Au-delà de sa gravité et de son ampleur, comment expliquez-vous que ce soit ce conflit régional qui a le plus malmené la justice internationale et les systèmes de protection mis en place au lendemain de la deuxième guerre mondiale ?

De nombreux pays, inspirés par l’attitude des États-Unis, ont cherché à saper les institutions internationales comme la Cour pénale internationale, après que celle-ci a émis des mandats d’arrêt contre le Premier ministre israélien. En raison de la relation étroite entre les États-Unis et Israël, la région Moyen-Orient et Afrique du Nord a longtemps été confrontée à une forme d'exceptionnalisme en faveur d'Israël. Nous avons pu constater que les États-Unis, ainsi que certains gouvernements européens — l'Allemagne en particulier — ont adopté des positions très différentes à l'égard d'Israël, comparées à celles qu'ils ont prises vis-à-vis de la Russie dans le contexte du conflit contre l’Ukraine. Cette attitude s'est traduite par l'application de deux poids, deux mesures, et ce traitement d’exception a permis à Israël d'échapper aux exigences et aux mécanismes des institutions internationales de justice.

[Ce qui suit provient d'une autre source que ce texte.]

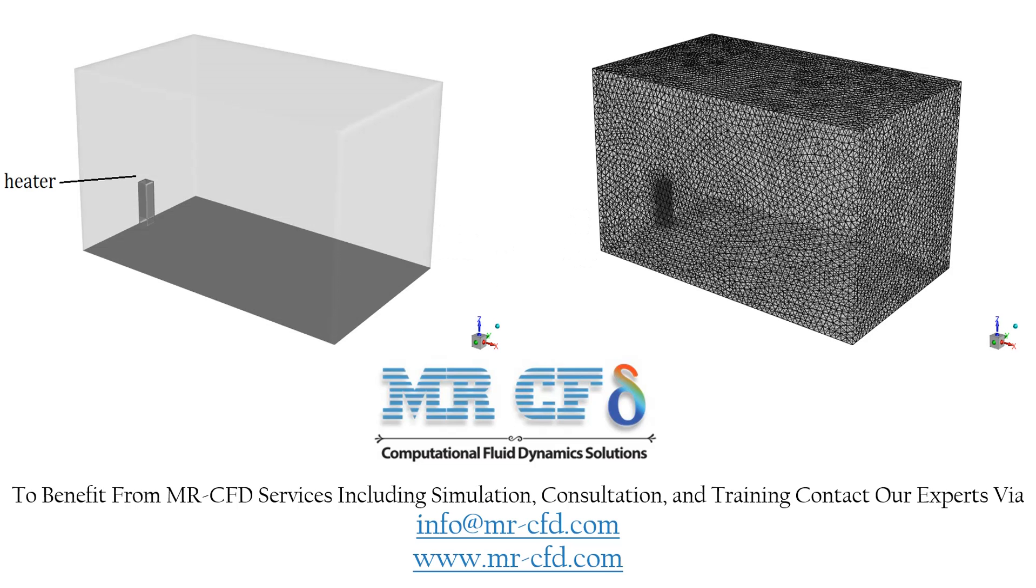The geometry of this project is designed in ANSYS Design Modeler and meshed in ANSYS Meshing software. The mesh type used for this geometry is unstructured.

Cela étant dit, l'année 2024 a également été marquée par des avancées notables en matière de justice internationale. Tout d'abord, à la suite d’une plainte déposée par l'Afrique du Sud [nldr : devant la Cour internationale de justice (CIJ)  pour dénoncer les violations de la Convention sur le génocide], trois séries de mesures provisoires ont été adoptées, notamment pour enjoindre Israël à prévénir le risque de génocide et à faciliter l'acheminement de l'aide humanitaire pour la population palestinienne. Ensuite, il y a eu un développement très inattendu : la Cour pénale internationale (CPI) a décidé d'émettre des mandats d'arrêt. Si l'on m'avait demandé il y a trois ou quatre ans si nous verrions la CPI émettre de tels mandats dans un tel contexte, j'aurais répondu que cela était improbable, en raison des pressions et des obstacles politiques. Il semblait alors inconcevable que la Cour puisse aller jusqu'à lancer de telles procédures.

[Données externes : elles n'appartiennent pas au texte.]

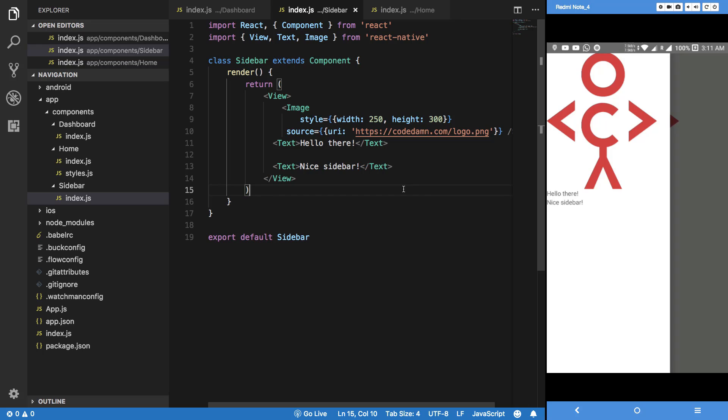What's going on YouTube? My name is Mehul and welcome to another React Native tutorial in which we're going to take a look at how basically you can send people from your drawer to other stack navigators, or maybe to other items in your navigator.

Aujourd'hui, ces mandats d'arrêt sont violemment critiqués, notamment par les États-Unis, qui ont imposé des sanctions contre des membres de la Cour. Malheureusement, plusieurs gouvernements européens ont également entravé ce processus, exprimant ainsi, une fois de plus, une application très sélective et incohérente des principes de justice internationale. C’est particulièrement flagrant dans le cas de l'Allemagne. Même la France adopte une lecture discutable du droit, en soutenant, par exemple, l'idée que le Premier ministre Benyamin Netanyahou pourrait bénéficier d’une forme d’immunité, alors même que celle-ci ne s’applique pas dans le cadre des procédures devant la Cour pénale internationale.

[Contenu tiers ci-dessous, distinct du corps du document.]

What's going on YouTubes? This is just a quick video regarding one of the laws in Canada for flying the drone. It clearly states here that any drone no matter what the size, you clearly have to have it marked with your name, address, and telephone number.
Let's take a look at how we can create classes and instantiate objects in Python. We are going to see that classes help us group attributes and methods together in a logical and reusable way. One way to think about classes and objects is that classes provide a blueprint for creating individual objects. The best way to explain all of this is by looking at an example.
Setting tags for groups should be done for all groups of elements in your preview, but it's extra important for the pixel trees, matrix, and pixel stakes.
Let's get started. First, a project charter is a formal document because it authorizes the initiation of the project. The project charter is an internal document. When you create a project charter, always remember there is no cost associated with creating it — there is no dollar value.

À ce stade, nous ignorons encore quelles seront les conséquences concrètes de ces initiatives engagées par la justice internationale. Toutefois, il est clair que saper l'autorité de ce système, pour des motifs purement politiques visant à protéger l’État d’Israël, ne fera qu’affaiblir et menacer l’ensemble de l’édifice du droit international. Or, il n'existe pas d’alternative au système de justice internationale. Notre objectif doit être de le renforcer, de le réimaginer si nécessaire, mais certainement pas d’entrer dans une logique d'exceptionnalisme politique qui mettrait en péril la protection juridique pour tous. Ces institutions se sont construites au prix de longues luttes contre les États les plus violents et les plus irrespectueux du droit international. Les régimes autoritaires et belliqueux ne manqueront pas d’interpréter le comportement des gouvernements occidentaux — France, Allemagne, États-Unis et autres — comme un signal de permissivité vis-à-vis des violations du droit, dès lors qu’il s'agit d'affaires portées devant la Cour pénale internationale.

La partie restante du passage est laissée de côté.